Instructions for the task
Leave out the pictures and repeat the entries below verbatim.

Input records

↓↓↓

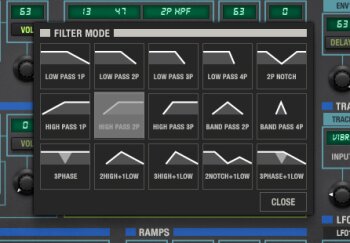 Arturia Matrix 12 V Arturia Matrix 12 V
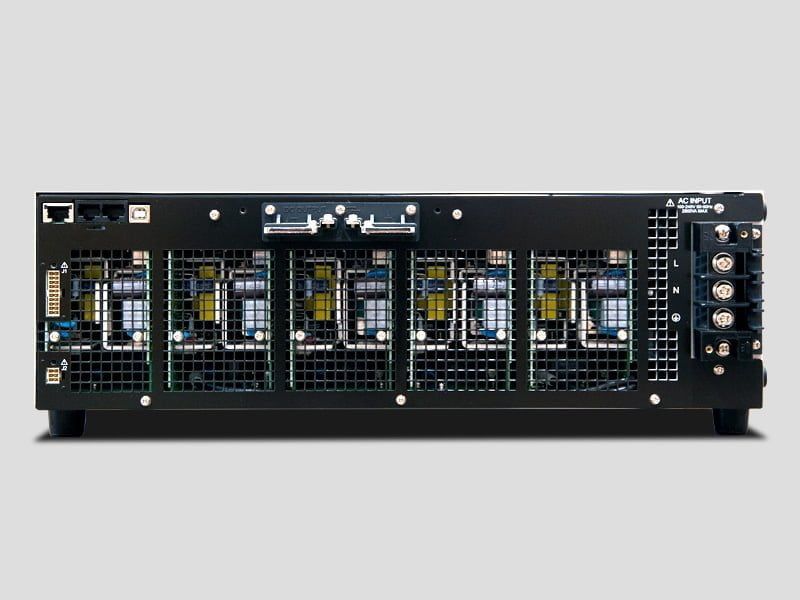 Máy cấp nguồn DC Kikusui PWR2001MH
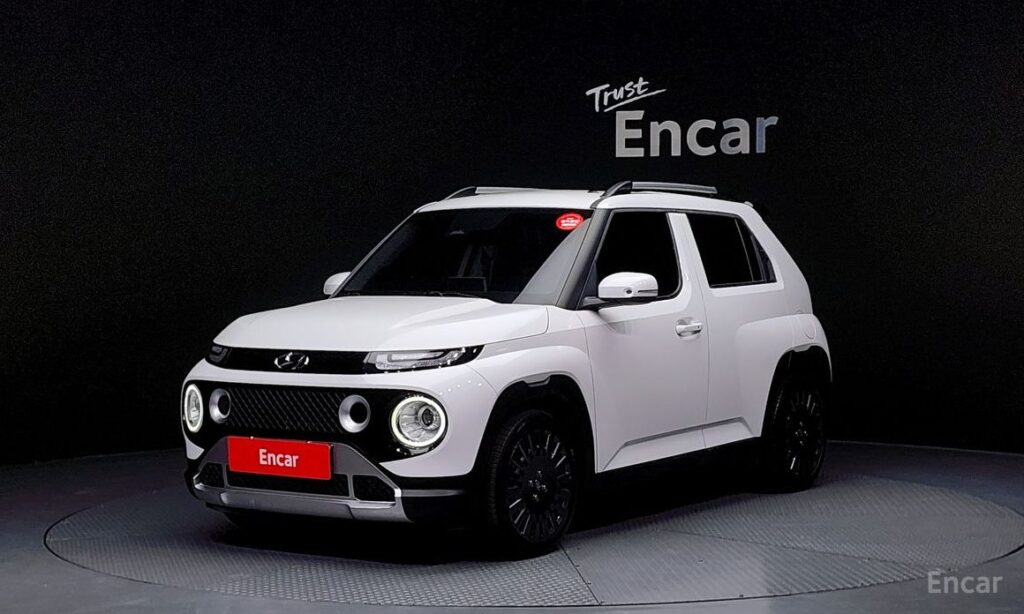Hyundai Casper 2023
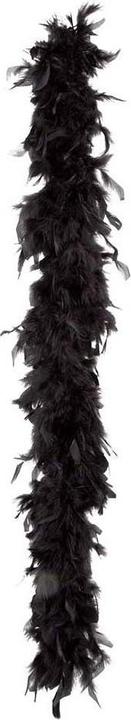 Produktbild Boland Benelux Federboa 180cm schwarz 50g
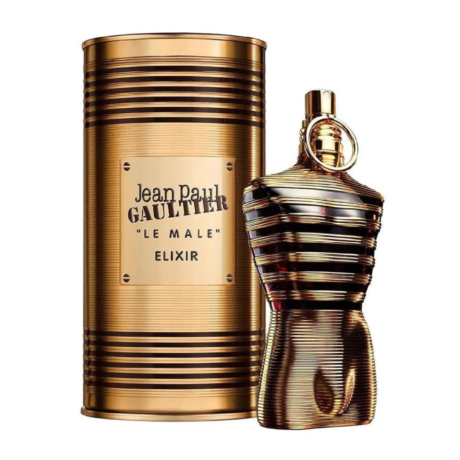 JEAN PAUL GAULTIER LE MALE ELIXIR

↑↑↑

Response area
 Arturia Matrix 12 V Arturia Matrix 12 V
 Máy cấp nguồn DC Kikusui PWR2001MH
Hyundai Casper 2023
 Produktbild Boland Benelux Federboa 180cm schwarz 50g
 JEAN PAUL GAULTIER LE MALE ELIXIR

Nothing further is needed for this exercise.